▶ **WHAT YOU SHOULD DO**
The line that contains "The heat map" marks the start. Please set it down, with every later line of the data, exactly and without pictures.

▶ **AVAILABLE DATA**
----

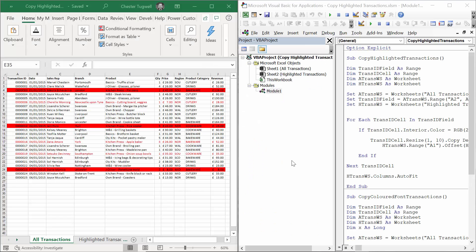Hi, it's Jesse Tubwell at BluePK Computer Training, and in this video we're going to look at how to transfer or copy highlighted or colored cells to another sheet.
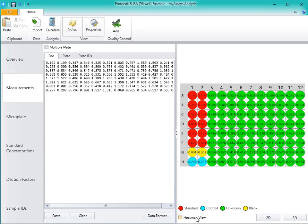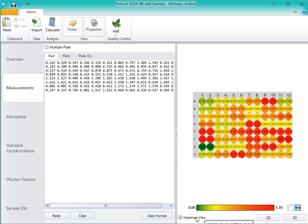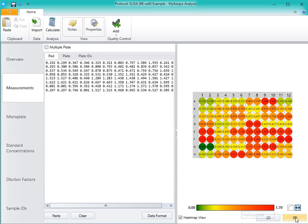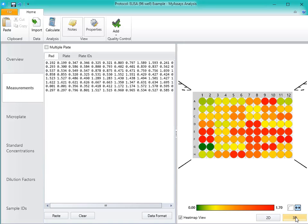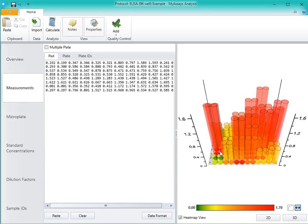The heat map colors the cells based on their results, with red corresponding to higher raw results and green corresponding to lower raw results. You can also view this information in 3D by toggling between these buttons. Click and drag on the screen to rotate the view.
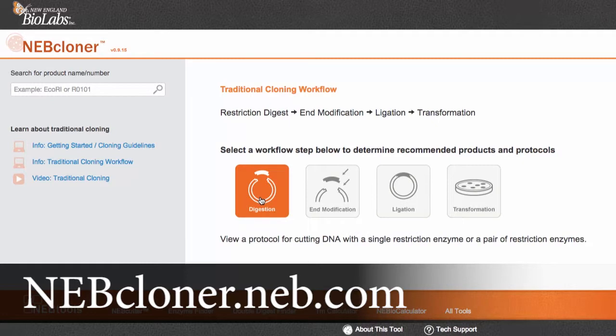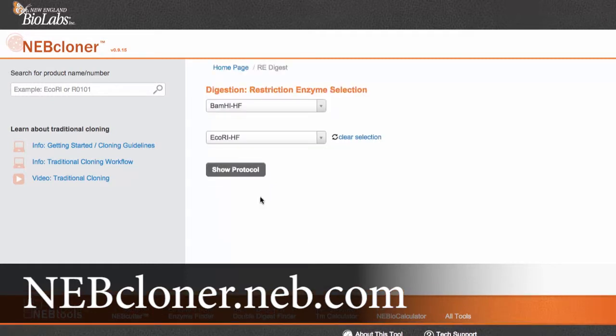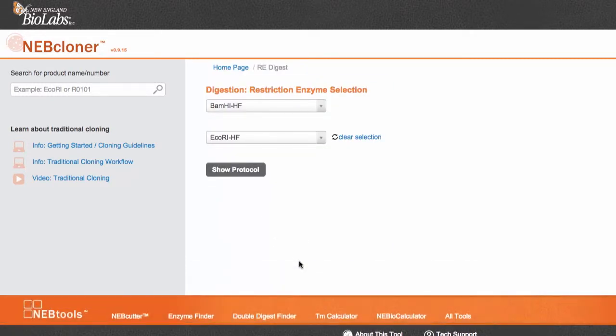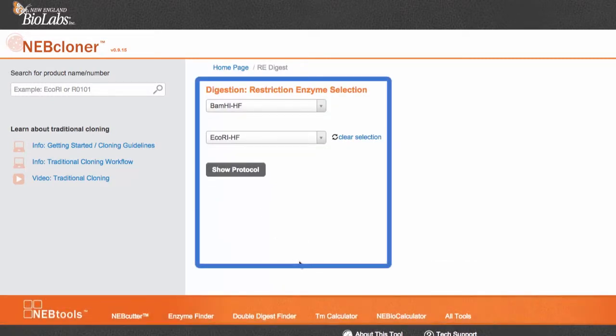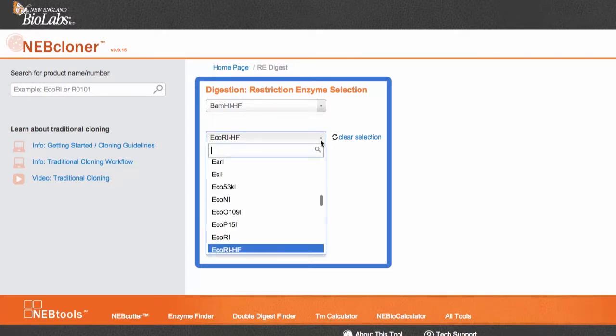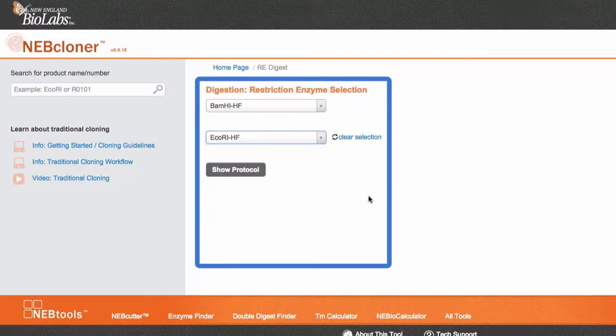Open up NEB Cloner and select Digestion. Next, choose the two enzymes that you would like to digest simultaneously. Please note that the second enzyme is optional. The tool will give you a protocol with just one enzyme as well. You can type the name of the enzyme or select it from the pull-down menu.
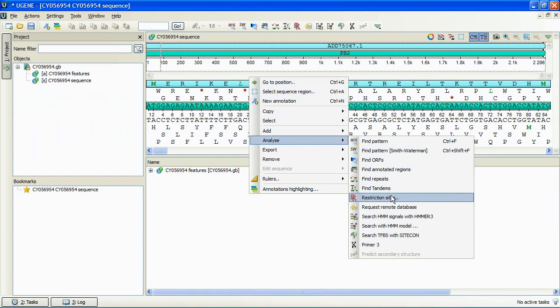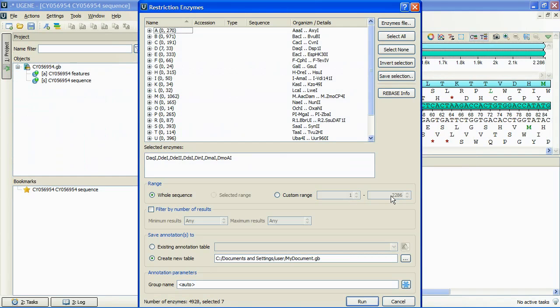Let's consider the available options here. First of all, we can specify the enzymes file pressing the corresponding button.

----

▶ **SOLVED EXERCISE**
The heat map colors the cells based on their results, with red corresponding to higher raw results and green corresponding to lower raw results. You can also view this information in 3D by toggling between these buttons. Click and drag on the screen to rotate the view.
Open up NEB Cloner and select Digestion. Next, choose the two enzymes that you would like to digest simultaneously. Please note that the second enzyme is optional. The tool will give you a protocol with just one enzyme as well. You can type the name of the enzyme or select it from the pull-down menu.
Let's consider the available options here. First of all, we can specify the enzymes file pressing the corresponding button.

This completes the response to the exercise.